● **SUPPLIED RECORDS**:
[Start of section]

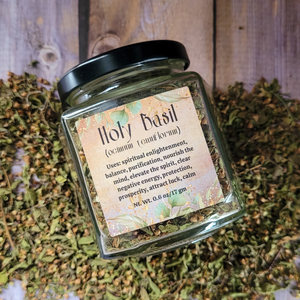 Organic dried holy basil apothecary herb jar 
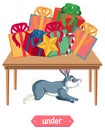 Preposition wordcard with rabbit under table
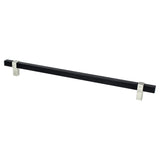Rivet Rebel 12 inch CC Matte Black Bar and Brushed Nickel Posts Appliance Pull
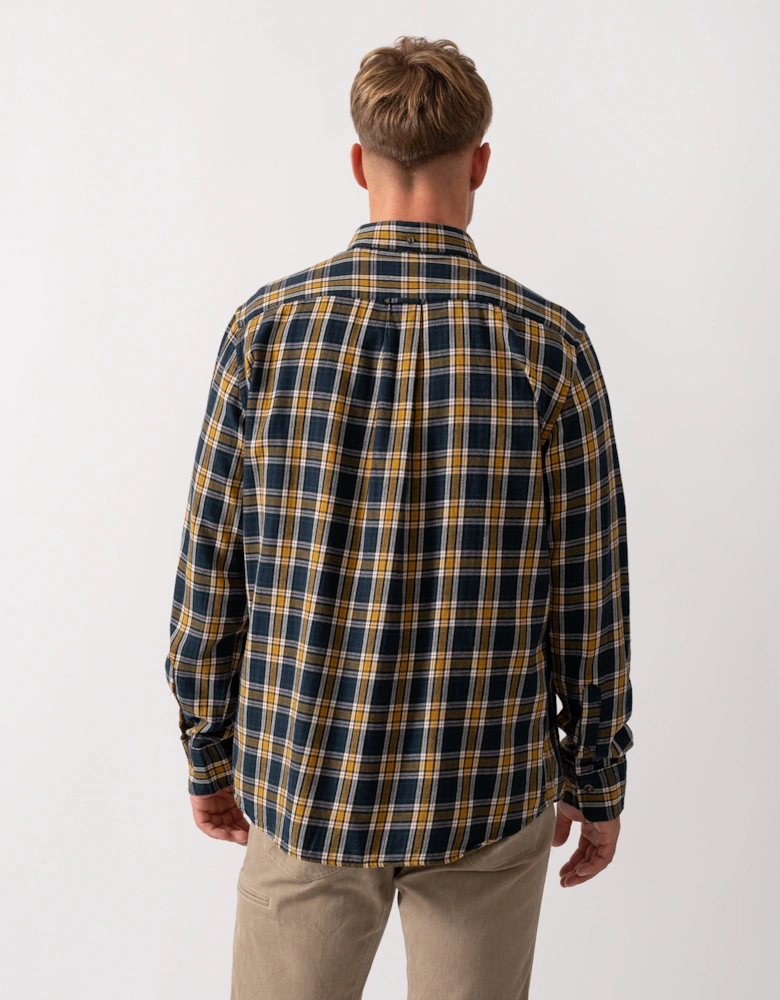 Mens Long Sleeve Windblown Flannel Small Check Shirt - 433 Evening Blue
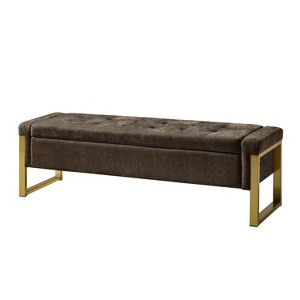 Octavio Modern Upholstered Flip Top Storage Bench with Metal Legs|ART OF LIVING DESIGNS - 1 of 4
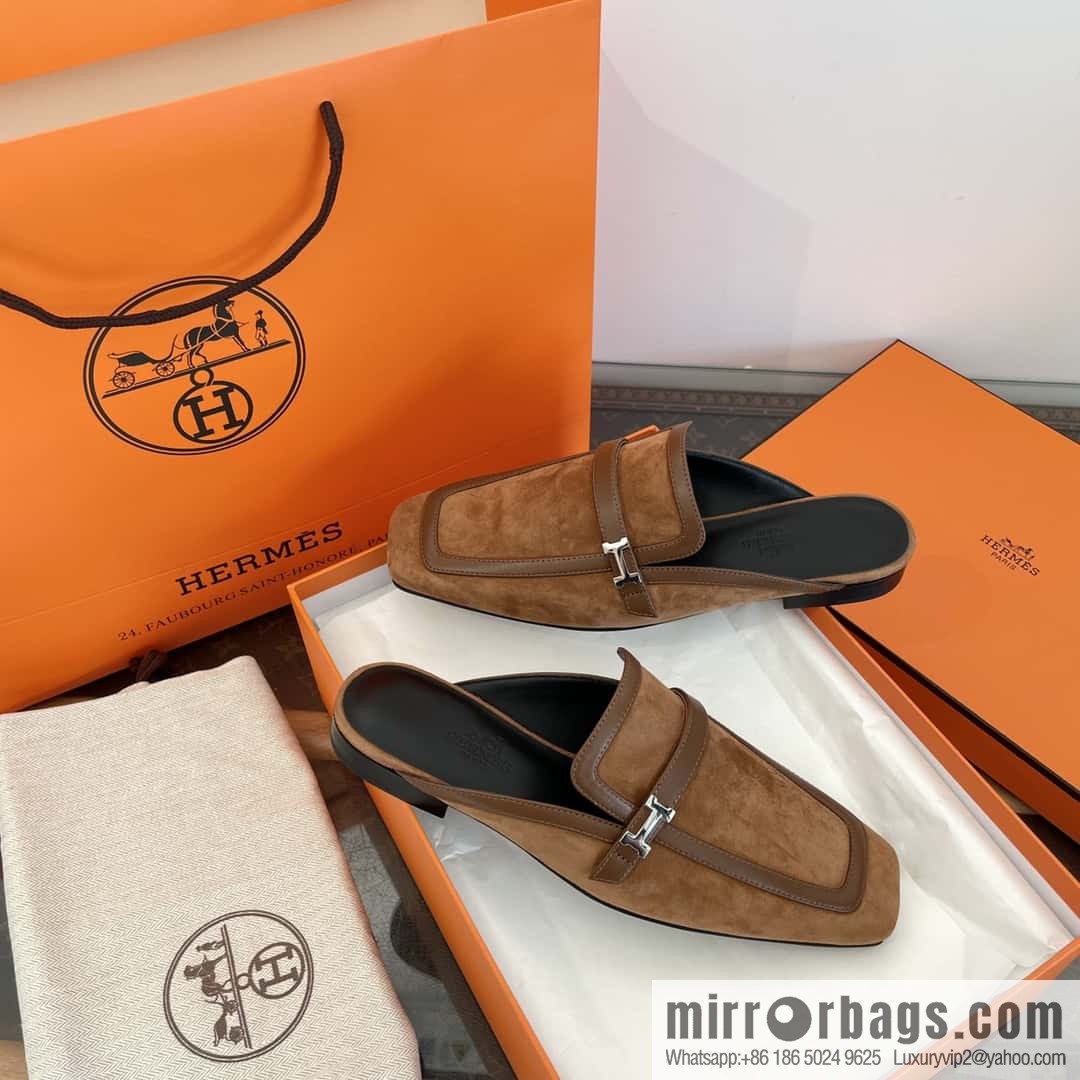 Purchasing grade 🐎 𝐇𝐄𝐑*𝐄𝐒|| Love Horse Home Square Head Small Button Muller Half Slippers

[End of section]

● **THE TASK**:
Return the material above verbatim. Pictures are to be excluded.

● **FINISHED TASK**:
 Organic dried holy basil apothecary herb jar 
 Preposition wordcard with rabbit under table
Rivet Rebel 12 inch CC Matte Black Bar and Brushed Nickel Posts Appliance Pull
 Mens Long Sleeve Windblown Flannel Small Check Shirt - 433 Evening Blue
 Octavio Modern Upholstered Flip Top Storage Bench with Metal Legs|ART OF LIVING DESIGNS - 1 of 4
 Purchasing grade 🐎 𝐇𝐄𝐑*𝐄𝐒|| Love Horse Home Square Head Small Button Muller Half Slippers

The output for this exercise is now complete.